Canada's Liberal government is slowly moving toward access to medical marijuana for medical purposes. New regulations which came into force July 31, 2001, allow patients to designate a caregiver who can grow marijuana for them, and expand the range of illnesses for which marijuana can be used. Although many patients and doctors still have serious complaints about the complexity and invasiveness of the regulations, no one can deny that Canada's prohibition against marijuana, and medical marijuana in particular, is fracturing in the face of increasing public pressure and court decisions.

Canada's marijuana liberation activists have also moved to directly challenge the status quo in the political arena. In 1997 the Province of Quebec saw the formation of a political party called the "Bloc Pot," a play on the name of Quebec's sovereigntist political party, the Bloc Quebecois. The Bloc Pot ran in Quebec's 1998 provincial elections and gathered 1.25 percent of the vote.

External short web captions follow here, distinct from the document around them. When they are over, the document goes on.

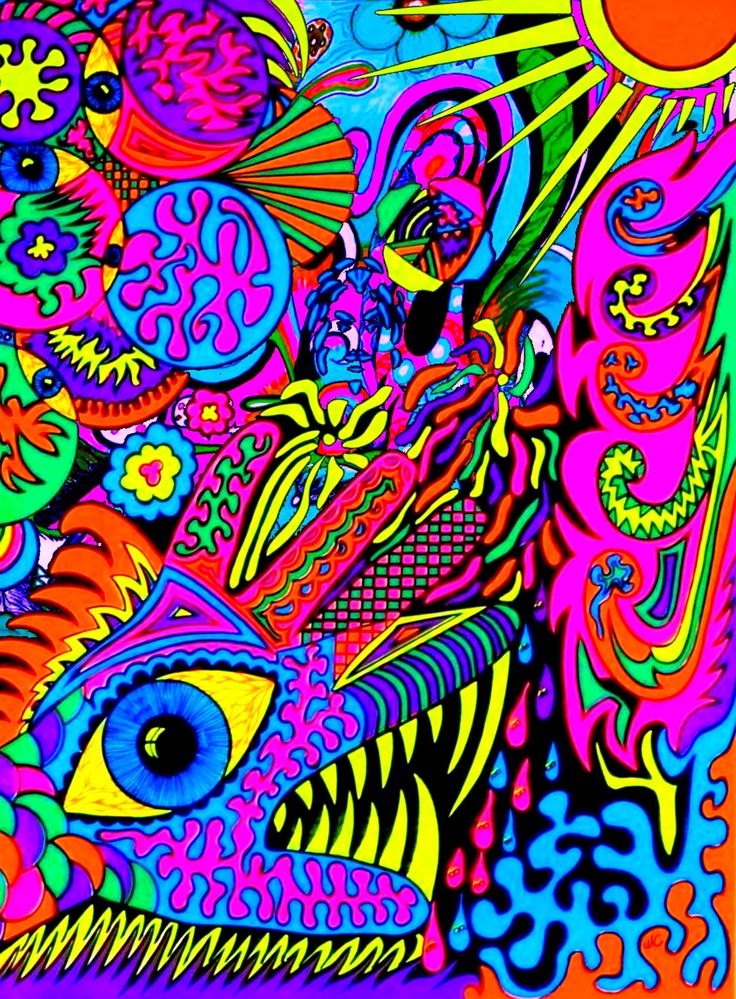 Trippy Grunge Drawings Wallpapers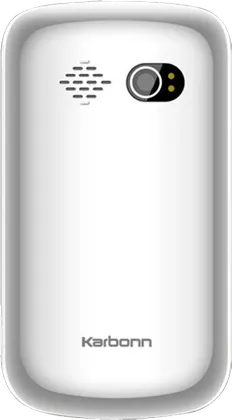 Karbonn KT83 Silver Touch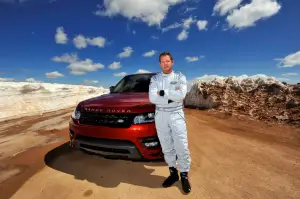 Range Rover Sport - Pikes Peak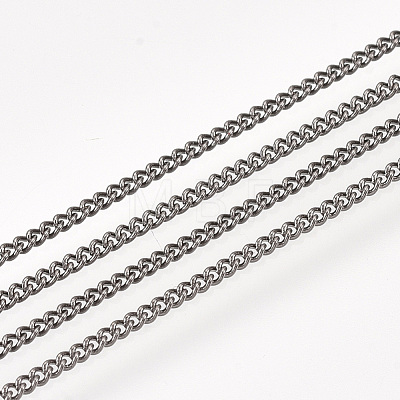 Iron Curb Chains CH-S131-01B-1
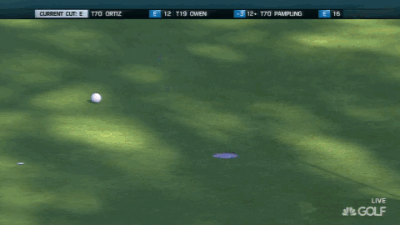 Good to see that Rory Sabbatini is as happy as ever.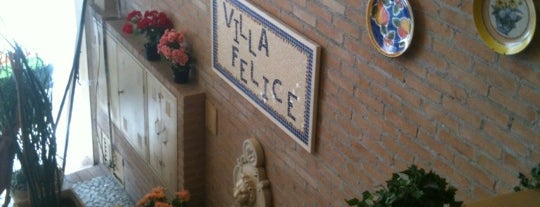 Villa Felice Ristoranti is one of สถานที่ที่บันทึกไว้ของ Fabio.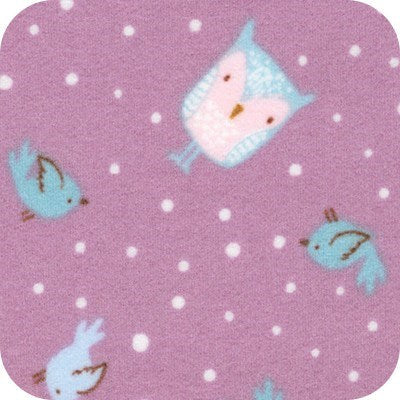 SRKF-21749-119 MAUVE II WINTER DAYS FLANNEL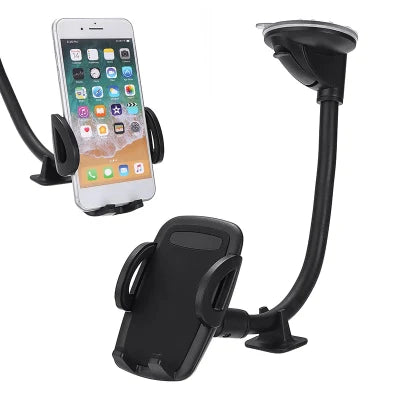 PhoneBits 2 in 1 Windshield Air Vent with Shock Observer Stand, Dashboard Windscreen Vent Cradle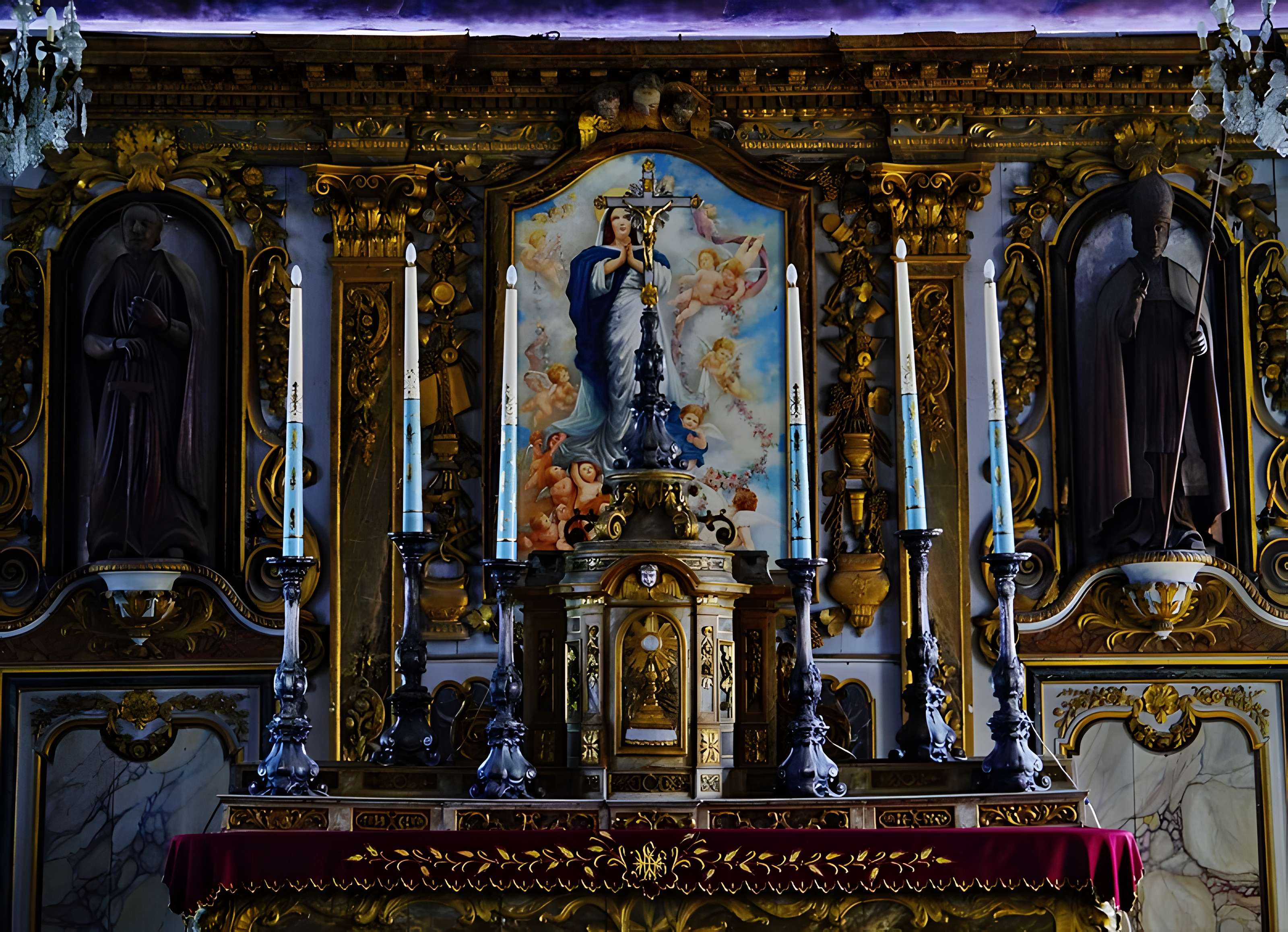 Église Notre-Dame de Montfarville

In 2000, Bloc Pot founder and leader Marc-Boris St-Maurice traveled across Canada working with local activists to create a national political party devoted to cannabis liberation. The Canada Marijuana Party was born, with candidates all across the country running Canada's November 2000 federal election. Most candidates averaged between 2-3 percent of the popular vote, and in some ridings beat out the more established Green, Alliance and NDP candidates.

In January 2001, activists in BC got together and formed the BC Marijuana Party, running in BC's May election. Marc Emery became BC party president, financing the campaign and coordinating candidates, while Party Leader Brian Taylor, past mayor of Grand Forks, BC, traveled the province in the "Canna-Bus" campaigning for local candidates. The BC Marijuana Party has received a special mention in the BC election archives for being the first party in the province's history to run a full slate of 79 candidates in their very first election. The party received about 53,000 votes, 3.5 percent of the popular vote.

Nova Scotia activists have already registered the Nova Scotia Marijuana Party, and other Canadian provinces are working toward forming their own local marijuana parties, so that within a few years there should be a Marijuana Party candidate of some kind running in every single election - federal, provincial or municipal - everywhere in Canada.

Many Canadians hope that continuing activism, protest, and legal challenges will finally break the back of prohibition in Canada, giving all Canadians access to the benefits of the world's most amazing plant.